= Task directions =
Once the line containing "Used 2024 Gray" is found in the records below, return it and each following line exactly, up to and including the line containing "Maroon 5 (Moves", and nothing else.
-- Supplied records follows --
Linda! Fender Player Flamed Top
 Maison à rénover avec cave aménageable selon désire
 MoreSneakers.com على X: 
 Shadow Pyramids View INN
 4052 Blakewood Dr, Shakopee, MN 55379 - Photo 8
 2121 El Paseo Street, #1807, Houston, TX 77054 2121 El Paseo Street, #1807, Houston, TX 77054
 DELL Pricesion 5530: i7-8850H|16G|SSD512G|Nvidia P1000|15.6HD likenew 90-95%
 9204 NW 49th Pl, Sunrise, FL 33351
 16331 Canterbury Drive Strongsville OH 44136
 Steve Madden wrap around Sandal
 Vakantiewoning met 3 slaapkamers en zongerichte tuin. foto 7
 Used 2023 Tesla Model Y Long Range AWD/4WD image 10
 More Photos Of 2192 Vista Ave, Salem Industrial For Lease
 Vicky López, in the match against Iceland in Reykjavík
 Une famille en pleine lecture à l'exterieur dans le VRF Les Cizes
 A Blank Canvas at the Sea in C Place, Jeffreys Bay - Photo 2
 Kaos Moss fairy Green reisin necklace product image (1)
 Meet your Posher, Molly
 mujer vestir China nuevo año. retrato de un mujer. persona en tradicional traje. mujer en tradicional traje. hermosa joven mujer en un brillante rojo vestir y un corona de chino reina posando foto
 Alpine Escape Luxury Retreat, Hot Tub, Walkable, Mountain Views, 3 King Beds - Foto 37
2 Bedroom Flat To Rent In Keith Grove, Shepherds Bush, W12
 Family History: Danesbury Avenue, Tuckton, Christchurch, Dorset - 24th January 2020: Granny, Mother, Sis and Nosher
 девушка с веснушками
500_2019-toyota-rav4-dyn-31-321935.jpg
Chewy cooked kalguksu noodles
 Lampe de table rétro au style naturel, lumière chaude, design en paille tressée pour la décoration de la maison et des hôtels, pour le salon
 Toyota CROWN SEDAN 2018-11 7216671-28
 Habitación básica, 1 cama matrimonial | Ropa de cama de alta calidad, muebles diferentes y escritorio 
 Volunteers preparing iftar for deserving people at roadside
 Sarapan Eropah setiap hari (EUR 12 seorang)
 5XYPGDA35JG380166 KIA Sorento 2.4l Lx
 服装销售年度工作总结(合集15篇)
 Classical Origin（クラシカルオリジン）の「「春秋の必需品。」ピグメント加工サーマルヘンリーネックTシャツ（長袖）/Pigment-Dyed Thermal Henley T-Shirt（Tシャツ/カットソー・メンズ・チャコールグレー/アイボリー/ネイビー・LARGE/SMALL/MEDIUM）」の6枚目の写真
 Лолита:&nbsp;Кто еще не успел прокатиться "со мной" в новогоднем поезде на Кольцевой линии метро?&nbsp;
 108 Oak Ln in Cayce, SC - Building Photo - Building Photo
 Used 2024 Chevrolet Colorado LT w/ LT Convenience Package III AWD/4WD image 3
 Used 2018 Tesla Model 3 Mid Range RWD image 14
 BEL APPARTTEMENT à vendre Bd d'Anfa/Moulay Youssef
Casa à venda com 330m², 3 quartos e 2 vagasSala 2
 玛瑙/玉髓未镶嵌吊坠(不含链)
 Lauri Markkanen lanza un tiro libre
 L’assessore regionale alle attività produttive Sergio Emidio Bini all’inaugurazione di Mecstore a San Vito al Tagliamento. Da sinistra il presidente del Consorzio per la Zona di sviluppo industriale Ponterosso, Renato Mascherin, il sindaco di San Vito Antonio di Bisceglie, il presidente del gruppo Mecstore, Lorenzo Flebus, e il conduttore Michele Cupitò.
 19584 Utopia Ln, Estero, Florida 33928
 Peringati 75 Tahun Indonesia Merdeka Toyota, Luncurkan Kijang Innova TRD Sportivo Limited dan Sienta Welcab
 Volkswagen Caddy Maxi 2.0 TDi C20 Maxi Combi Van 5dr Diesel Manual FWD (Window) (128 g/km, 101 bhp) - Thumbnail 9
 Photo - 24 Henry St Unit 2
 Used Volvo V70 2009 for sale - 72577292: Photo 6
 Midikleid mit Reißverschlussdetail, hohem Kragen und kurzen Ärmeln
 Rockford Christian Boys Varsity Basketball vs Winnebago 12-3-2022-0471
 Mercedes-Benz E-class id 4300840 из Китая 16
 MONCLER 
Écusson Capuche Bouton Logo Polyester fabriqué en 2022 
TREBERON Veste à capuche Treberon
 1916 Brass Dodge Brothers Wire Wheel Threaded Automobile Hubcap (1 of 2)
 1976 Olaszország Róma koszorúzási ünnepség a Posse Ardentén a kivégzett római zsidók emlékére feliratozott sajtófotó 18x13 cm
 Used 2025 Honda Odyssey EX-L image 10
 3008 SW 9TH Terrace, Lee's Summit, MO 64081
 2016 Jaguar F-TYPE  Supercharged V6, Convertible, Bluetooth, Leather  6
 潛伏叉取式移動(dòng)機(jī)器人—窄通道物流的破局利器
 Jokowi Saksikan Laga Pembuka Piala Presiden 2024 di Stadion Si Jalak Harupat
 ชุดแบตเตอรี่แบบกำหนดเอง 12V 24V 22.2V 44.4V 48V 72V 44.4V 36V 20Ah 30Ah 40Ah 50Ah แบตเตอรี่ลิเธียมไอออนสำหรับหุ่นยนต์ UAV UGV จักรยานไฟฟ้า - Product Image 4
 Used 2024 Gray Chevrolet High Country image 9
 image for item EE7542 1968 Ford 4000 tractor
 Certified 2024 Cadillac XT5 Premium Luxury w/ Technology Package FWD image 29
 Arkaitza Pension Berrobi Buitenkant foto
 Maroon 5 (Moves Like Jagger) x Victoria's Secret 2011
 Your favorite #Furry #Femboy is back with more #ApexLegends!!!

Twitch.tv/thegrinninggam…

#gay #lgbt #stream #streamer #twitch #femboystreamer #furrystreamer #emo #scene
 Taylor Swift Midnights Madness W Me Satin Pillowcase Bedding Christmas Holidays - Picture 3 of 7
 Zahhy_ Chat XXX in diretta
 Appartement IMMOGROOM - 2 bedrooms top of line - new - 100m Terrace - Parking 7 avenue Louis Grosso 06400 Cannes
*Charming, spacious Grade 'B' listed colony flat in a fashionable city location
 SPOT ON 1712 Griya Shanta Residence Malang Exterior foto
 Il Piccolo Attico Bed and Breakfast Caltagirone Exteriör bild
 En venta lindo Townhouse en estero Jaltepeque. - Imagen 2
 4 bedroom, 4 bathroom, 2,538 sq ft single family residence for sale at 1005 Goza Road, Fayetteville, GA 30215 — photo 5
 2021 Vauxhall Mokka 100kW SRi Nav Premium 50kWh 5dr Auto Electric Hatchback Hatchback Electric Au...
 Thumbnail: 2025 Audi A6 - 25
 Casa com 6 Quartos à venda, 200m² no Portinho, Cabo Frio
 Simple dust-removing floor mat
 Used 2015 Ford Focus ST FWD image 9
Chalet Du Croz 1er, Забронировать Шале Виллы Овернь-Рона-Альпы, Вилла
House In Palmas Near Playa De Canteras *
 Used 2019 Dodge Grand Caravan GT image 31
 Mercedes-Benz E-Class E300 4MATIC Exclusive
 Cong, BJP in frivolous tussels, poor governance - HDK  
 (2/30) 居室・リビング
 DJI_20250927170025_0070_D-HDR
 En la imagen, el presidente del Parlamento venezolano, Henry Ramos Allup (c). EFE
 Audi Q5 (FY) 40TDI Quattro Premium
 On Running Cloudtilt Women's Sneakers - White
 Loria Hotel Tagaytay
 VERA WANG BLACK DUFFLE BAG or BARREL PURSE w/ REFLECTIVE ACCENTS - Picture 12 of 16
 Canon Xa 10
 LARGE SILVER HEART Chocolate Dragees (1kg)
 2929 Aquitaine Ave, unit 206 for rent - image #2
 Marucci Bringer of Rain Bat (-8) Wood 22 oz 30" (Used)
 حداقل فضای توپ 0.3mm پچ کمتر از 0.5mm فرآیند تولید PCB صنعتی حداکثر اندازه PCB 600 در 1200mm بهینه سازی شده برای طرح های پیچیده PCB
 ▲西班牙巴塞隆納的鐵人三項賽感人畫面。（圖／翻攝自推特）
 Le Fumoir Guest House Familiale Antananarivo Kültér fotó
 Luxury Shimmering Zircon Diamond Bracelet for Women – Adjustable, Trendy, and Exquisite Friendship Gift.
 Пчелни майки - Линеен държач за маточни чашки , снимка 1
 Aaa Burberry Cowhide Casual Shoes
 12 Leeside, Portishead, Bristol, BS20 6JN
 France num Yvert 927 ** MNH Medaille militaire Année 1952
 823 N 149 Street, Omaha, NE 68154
-- Supplied records concluded --
= Answer to this problem =
 Used 2024 Gray Chevrolet High Country image 9
 image for item EE7542 1968 Ford 4000 tractor
 Certified 2024 Cadillac XT5 Premium Luxury w/ Technology Package FWD image 29
 Arkaitza Pension Berrobi Buitenkant foto
 Maroon 5 (Moves Like Jagger) x Victoria's Secret 2011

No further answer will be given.